*** Opening Data excerpt ***
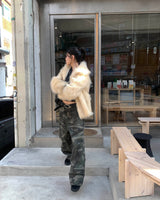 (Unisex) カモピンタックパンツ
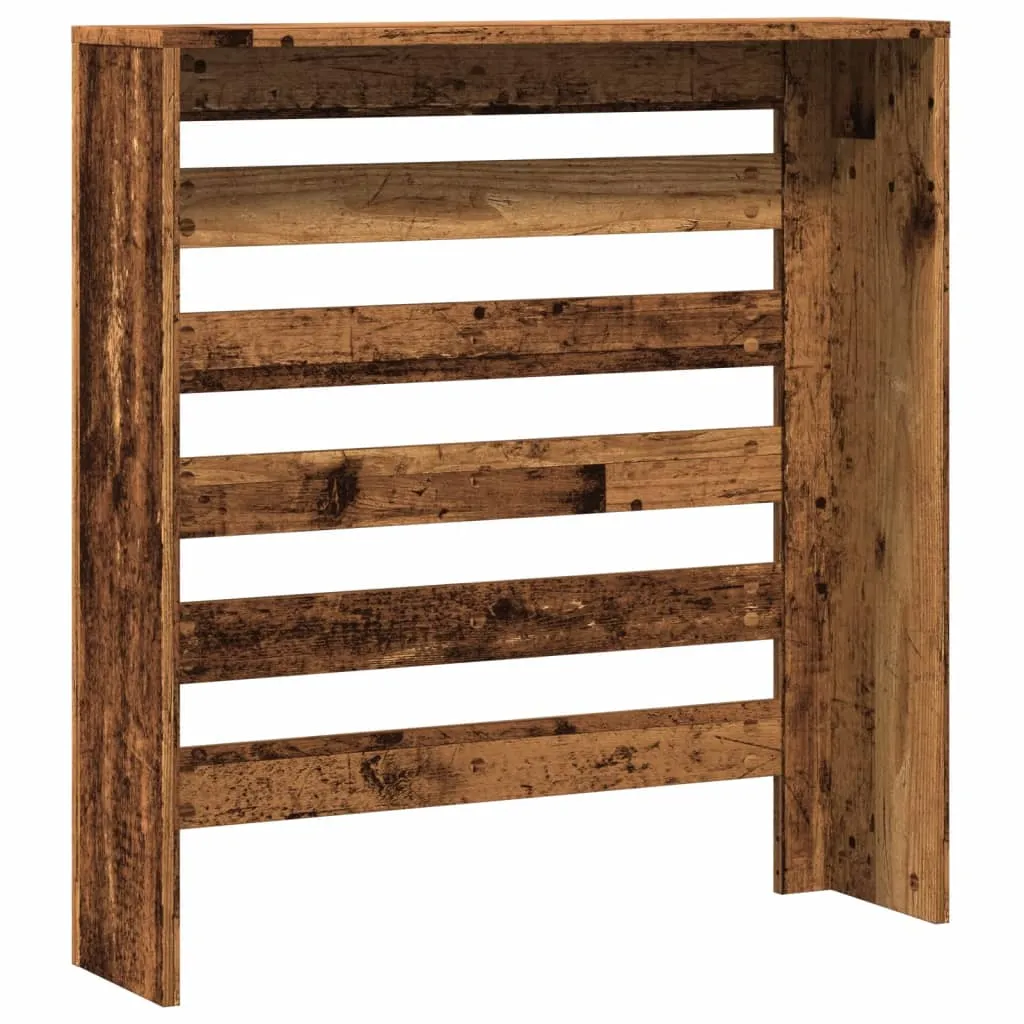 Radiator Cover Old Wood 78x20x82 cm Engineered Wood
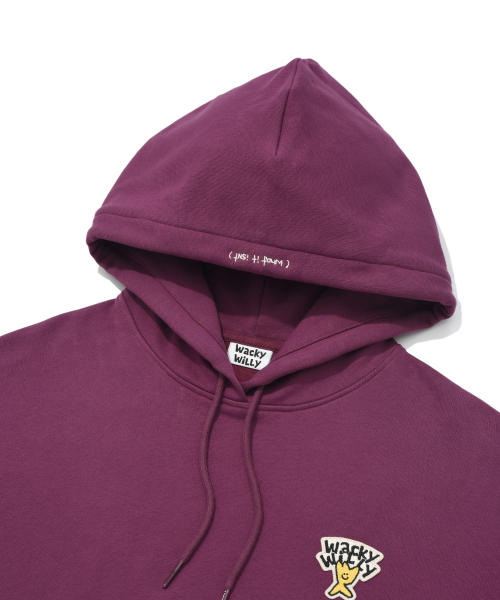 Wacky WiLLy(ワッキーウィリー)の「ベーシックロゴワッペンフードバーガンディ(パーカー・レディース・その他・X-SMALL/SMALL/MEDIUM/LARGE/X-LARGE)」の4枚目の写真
*** Closing Data excerpt ***
Task brief: Line for line, restate the data above and omit every picture.

Output for this exercise:
 (Unisex) カモピンタックパンツ
 Radiator Cover Old Wood 78x20x82 cm Engineered Wood
 Wacky WiLLy(ワッキーウィリー)の「ベーシックロゴワッペンフードバーガンディ(パーカー・レディース・その他・X-SMALL/SMALL/MEDIUM/LARGE/X-LARGE)」の4枚目の写真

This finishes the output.